### DATASET EXCERPT
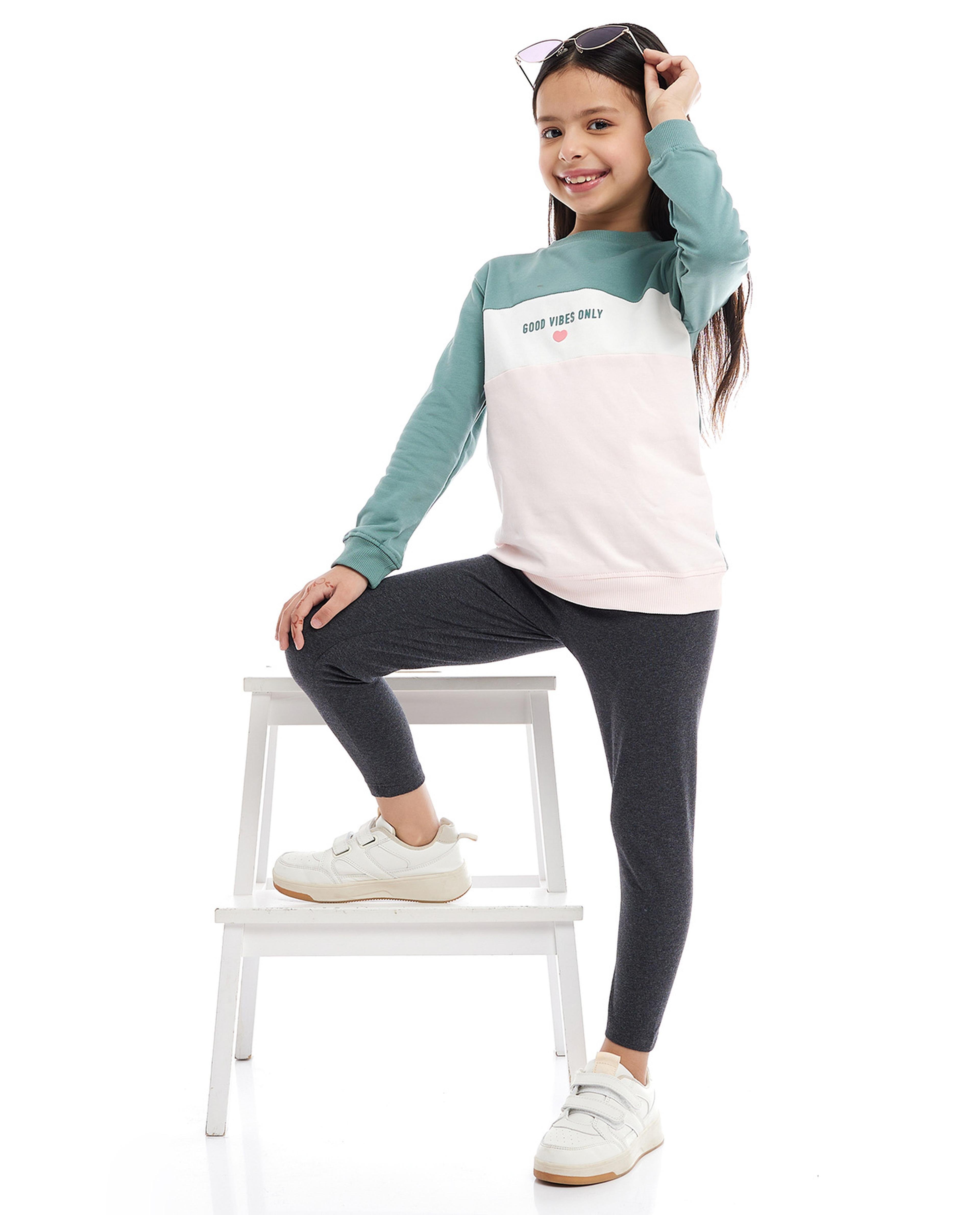 Color Block Sweatshirt with Crew Neck and Long Sleeves
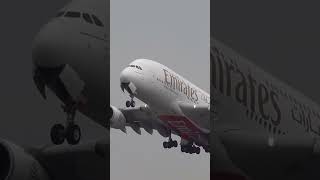 Emirates Airbus A380800 aterrizaje airport aviation airplane airbusa380 [upl. by Rew641]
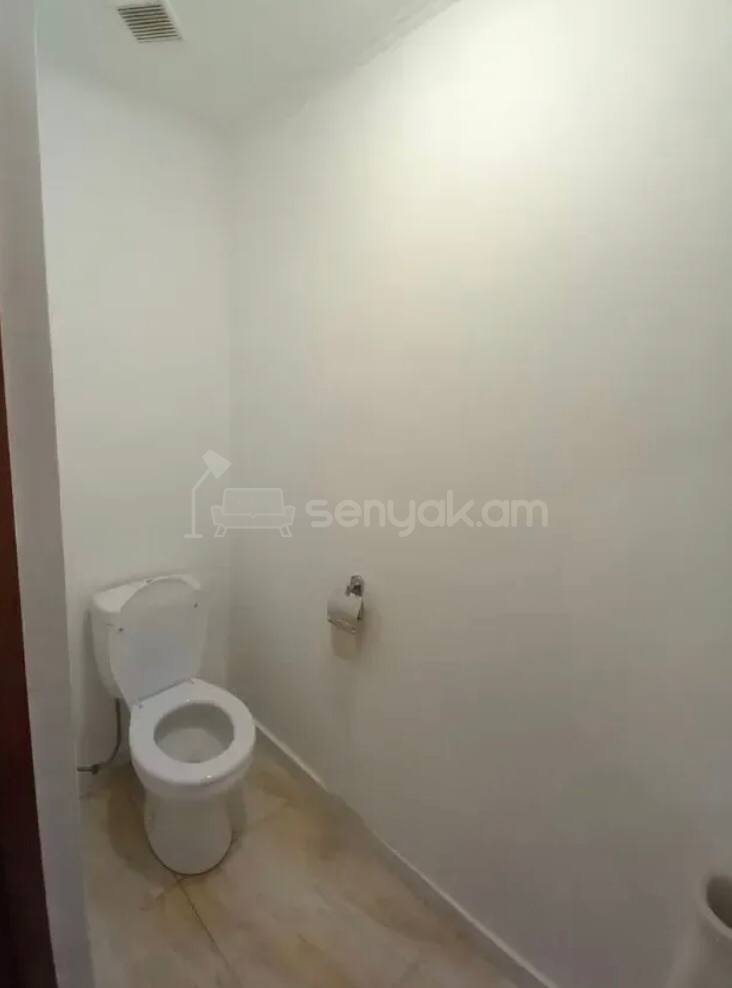 4 Սենյականոց Բնակարան Քարե Շենքում, 110քմ, 1/5 հարկ, Կապիտալ Վերանորոգված, Կահավորված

### TRY IT
Give back the listing exactly, without a single picture.

### SOLUTION TO THIS EXERCISE
 Color Block Sweatshirt with Crew Neck and Long Sleeves
 Emirates Airbus A380800 aterrizaje airport aviation airplane airbusa380 [upl. by Rew641]
 4 Սենյականոց Բնակարան Քարե Շենքում, 110քմ, 1/5 հարկ, Կապիտալ Վերանորոգված, Կահավորված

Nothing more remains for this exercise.